Comment by dgunay

1 day ago

I saw an AI generated video the other day of security camera footage of a group of people attempting to rob a store, then running away after the owner shoots at them with a gun. The graininess and low framerate of the video made it a lot harder to tell that it was AI generated than the usual shiny, high res, oddly smooth AI look. There were only very subtle tells - non-reaction of bystanders in the background, and a physics mistake that was easy to miss in the commotion.

We're very close to nearly every video on the internet being worthless as a form of proof. This bothers me a lot more than text generation because typically video is admissible as evidence in the court of law, and especially in the court of public opinion.

I saw that, it wasn't AI generated. There were red herrings in the compression artifacts.
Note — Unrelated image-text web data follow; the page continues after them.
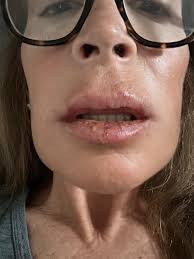 Has anyone else experienced unbearable lip pain after dental implant  surgery?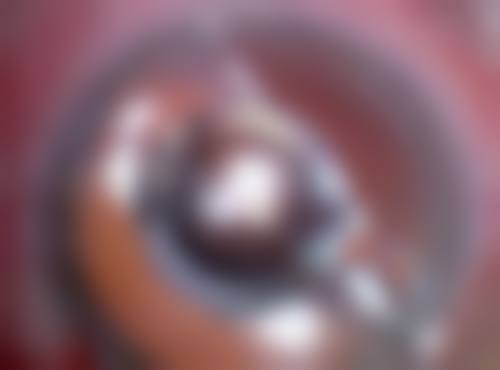 4. 北京美尔目医院医疗美容科设备仪器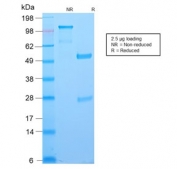 SDS-PAGE analysis of purified, BSA-free recombinant Bcl6 antibody (clone BCL6/2497R) as confirmation of integrity and purity.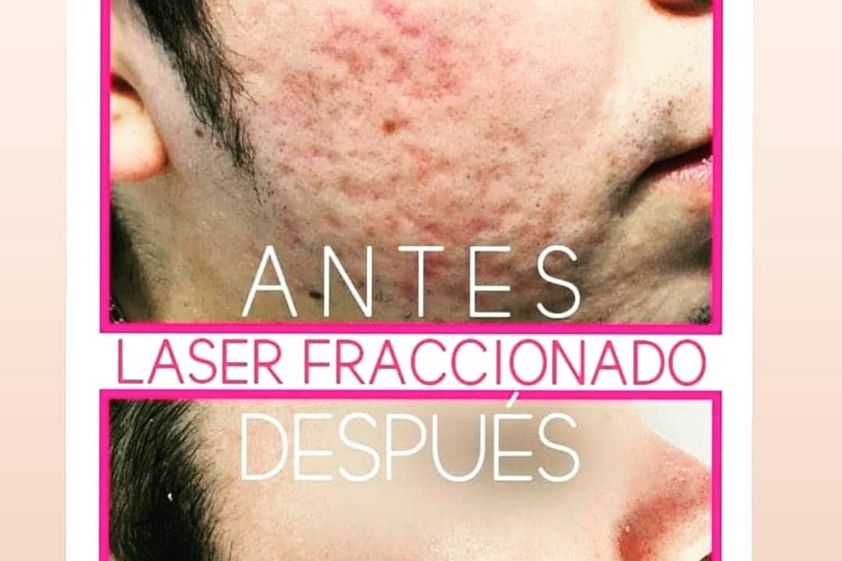 Tratamiento acné antes y después - 742474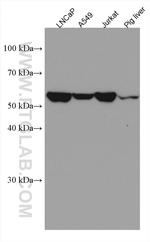 EPHX2 Antibody in Western Blot (WB)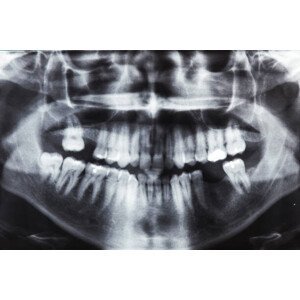 Umělecká fotografie Closeup x-ray image of teeth and mouth, jopstock, (40 x 26.7 cm)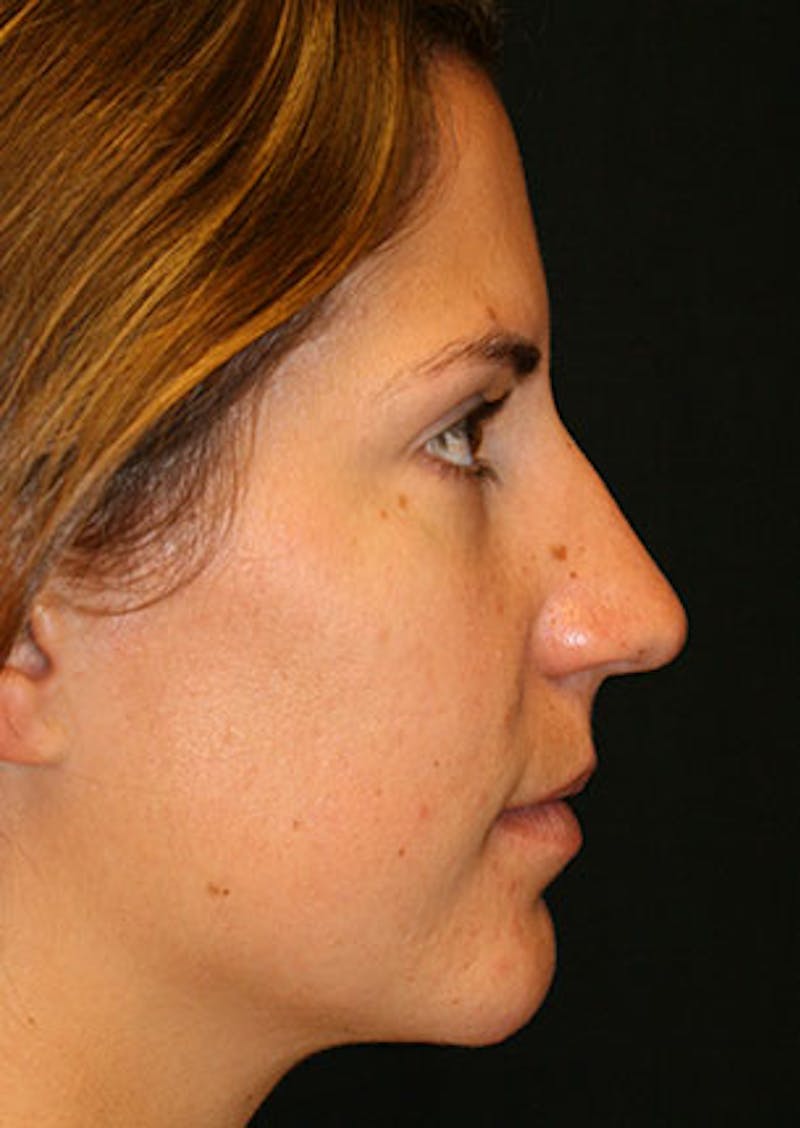 Rhinoplasty Before & After Gallery - Patient 106569165 - Image 1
The real store owner spoke about the experience:

https://x.com/Rimmy_Downunder/status/1947156872198595058

(sorry about the x link couldn't find anything else)
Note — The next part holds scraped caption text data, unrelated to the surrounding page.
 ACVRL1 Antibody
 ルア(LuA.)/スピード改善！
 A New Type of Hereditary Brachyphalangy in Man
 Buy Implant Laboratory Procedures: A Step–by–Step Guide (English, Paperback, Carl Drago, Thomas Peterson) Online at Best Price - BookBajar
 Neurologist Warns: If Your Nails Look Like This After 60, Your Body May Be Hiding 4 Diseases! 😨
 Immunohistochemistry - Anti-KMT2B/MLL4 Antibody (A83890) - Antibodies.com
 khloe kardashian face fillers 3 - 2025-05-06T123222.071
The problem of real footage being discredited as AI is as big as the problem of AI footage being passed as real. But they're subsets of the larger problem: AI can simulate all costly signals of value very cheaply, leading to all the inertia dependent on the costliness of those channels breaking down. This is true for epistemics, but also social bonds (chatbots), credentials, experience and education (AI performing better on many knowledge tasks than experienced humans), and others.